Now, define symbols representing initial and final position, velocity, and time. Your target variable is y_i, the initial y coordinate of the rock. Your pictorial representation should be complete now, and similar to the picture below:

The figure shows a trajectory of a rock being thrown at an angle theta above the horizontal from the initial point above the ground. Acceleration points vertically downward. The rock travels a horizontal distance d before it hits the ground at the final point. The trajectory is a concave downward curve. The rock’s velocity at the moment when it hits the ground is tangent to the trajectory.

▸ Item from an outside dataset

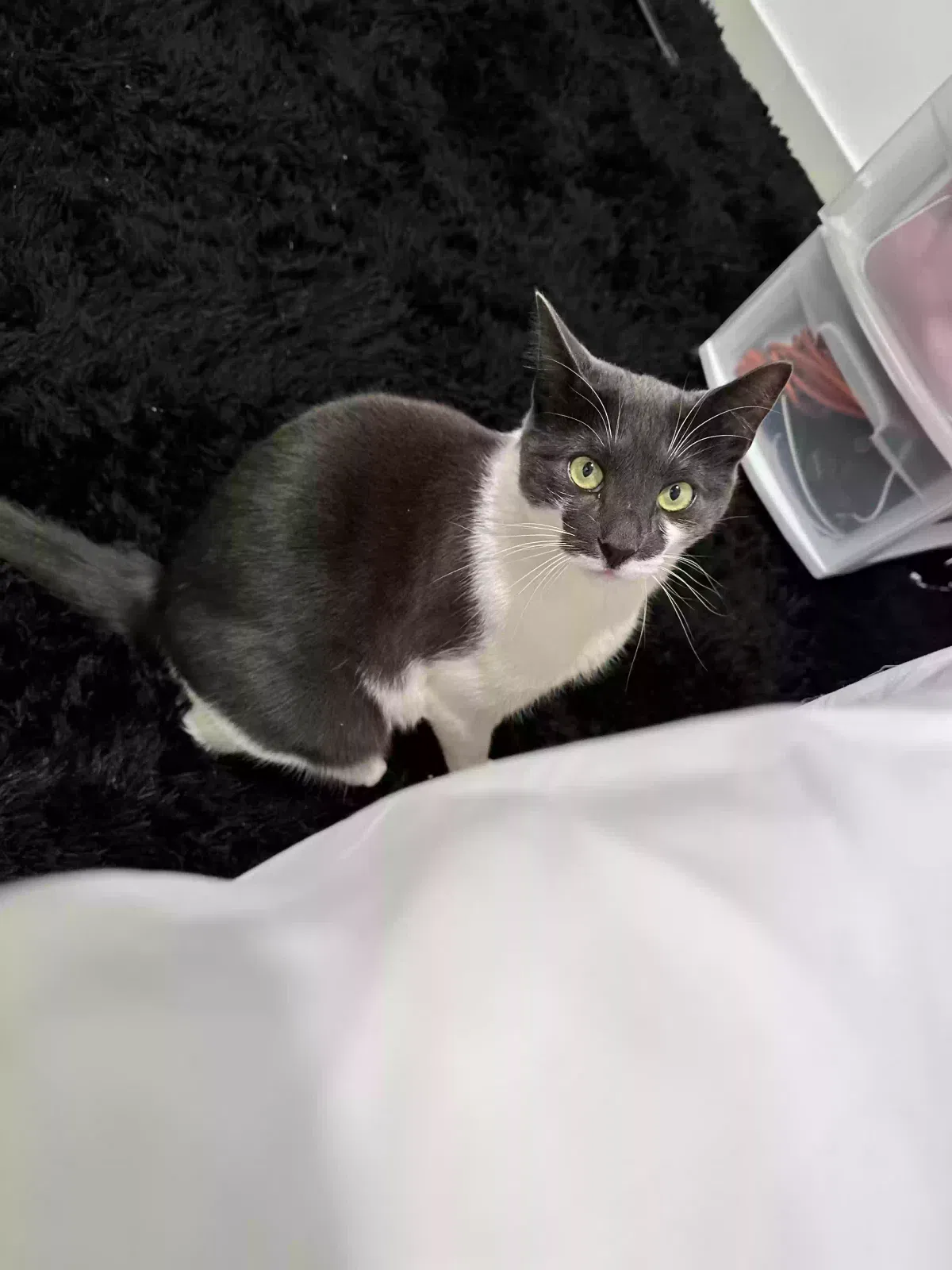 Lost cat in Brooklyn, NY, 11219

The initial and final points are characterized by time, horizontal and vertical positions, and corresponding components of velocity.


ANSWER: y_i=3.30\:m

The time Δt needed to move horizontally to the final position x_f=d=17.0\:m is the same time needed for the rock to rise from the initial position y_i to the peak of its trajectory and then fall to the ground. Use the information you have about motion in the horizontal direction to solve for Δt. Knowing this time will allow you to use the equations of motion for the vertical direction to solve for y_i.

Find the time spent in the air

x_f=x_i+v_{ix}\Delta t

17=0+\left(12\:cos\left(30^{\circ} \right)\right)\left(\Delta t\right)

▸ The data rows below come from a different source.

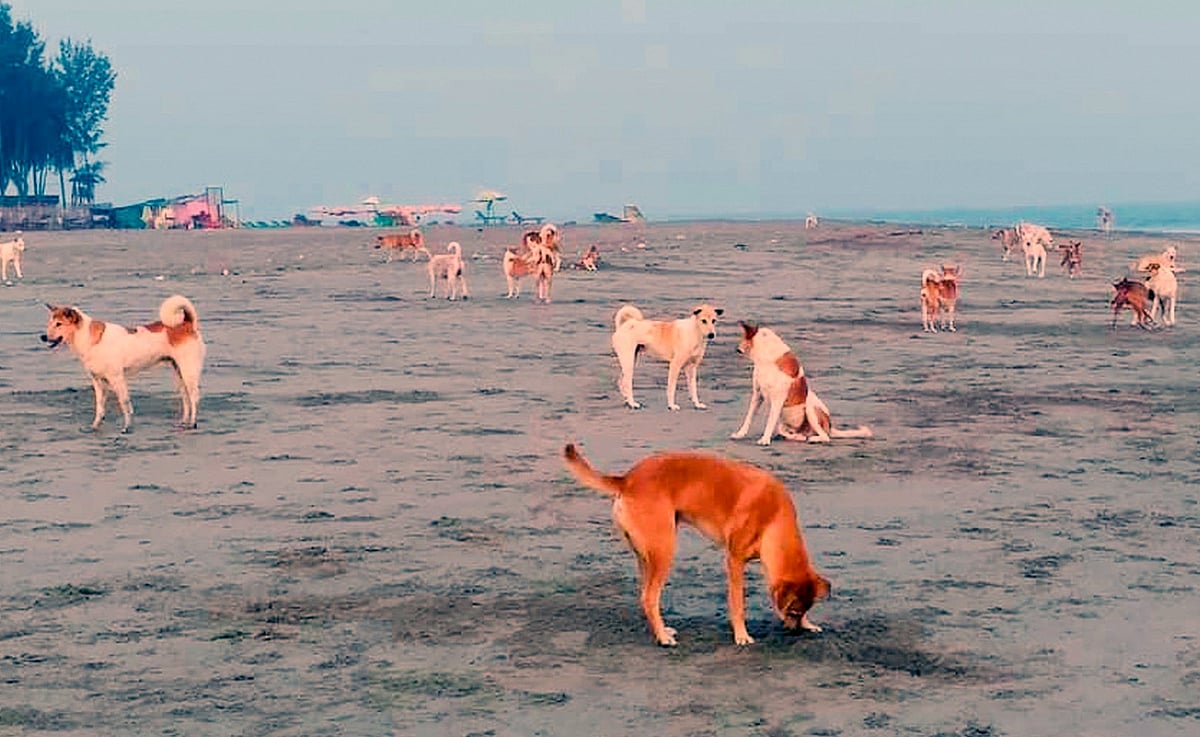 কক্সবাজারের সেন্ট মার্টিন সৈকতে কুকুরের দল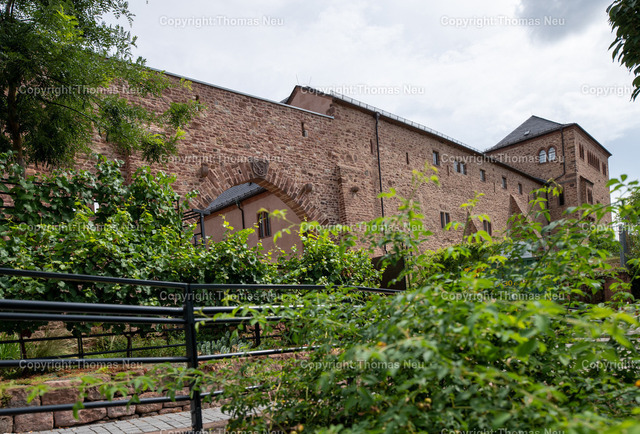 Worms-2025DSC_8743 | bbe_bre, Worms, Stadtmauer, Ausflugstipp, ,, Bild: Thomas Neu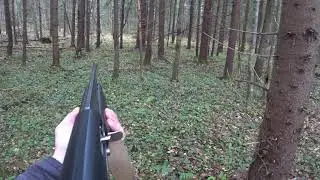 HARE HUNTING WITH A RUSSIAN HOUND. October 27. SEASON 2021-2022.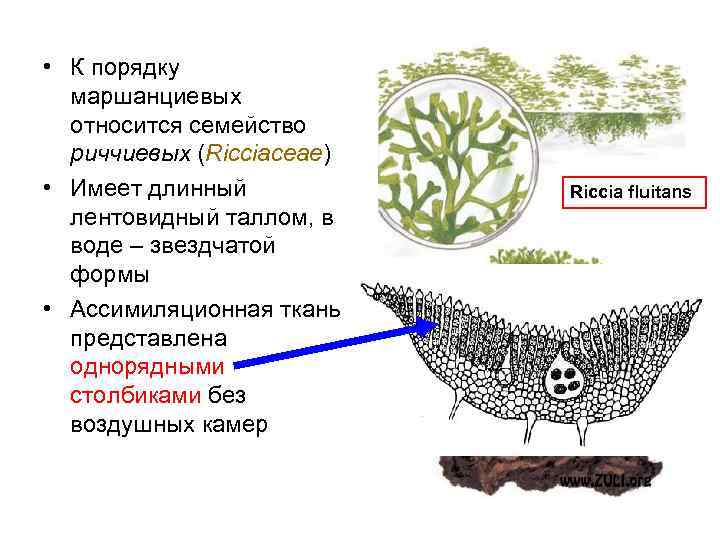  • К порядку маршанциевых относится семейство риччиевых (Ricciaceae) • Имеет длинный лентовидный таллом,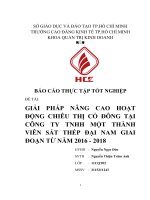 GIẢI PHÁP NÂNG CAO HOẠT ĐỘNG CHIÊU THỊ cổ ĐÔNG tại CÔNG TY TNHH một THÀNH VIÊN sắt THÉP đại NAM GIAI đoạn từ năm 2016   2018 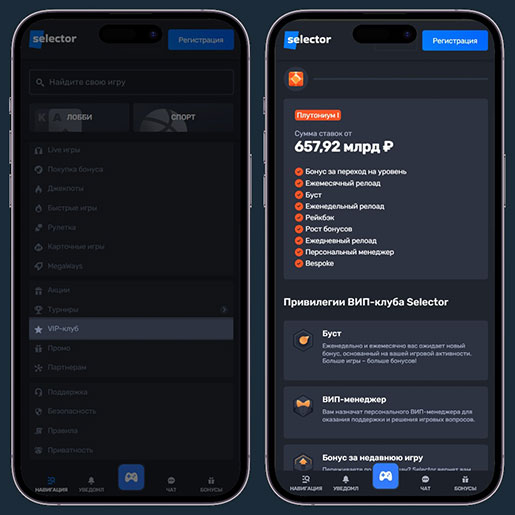 Система лояльности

\Delta \:t=\frac{17}{12\:cos\left(30^{\circ }\:\right)}

\Delta \:t=1.64\:s

Find the initial y position

y_f=y_i+v_{oy}\Delta t-\frac{1}{2}g\left(\Delta t\right)^2

0=y_i+\left(12\:sin\:30^{\circ} \right)\left(1.64\right)-\frac{1}{2}\left(9.800\right)\left(1.64\right)^2

y_i=\frac{1}{2}\left(9.800\right)\left(1.64\right)^2-\left(12\:sin\:30^{\circ }\:\right)\left(1.64\right)



ANSWER: H=3.3\:m

Projectile motion is made up of two independent motions: uniform motion at constant velocity in the horizontal direction and free-fall motion in the vertical direction. Because both rocks were thrown with the same initial vertical velocity, v_{iy}=6.000\:m/s, and fell the same vertical distance of 3.30 m, they were in the air for the same amount of time. This result was expected and helps to confirm that you did the calculation in Part B correctly.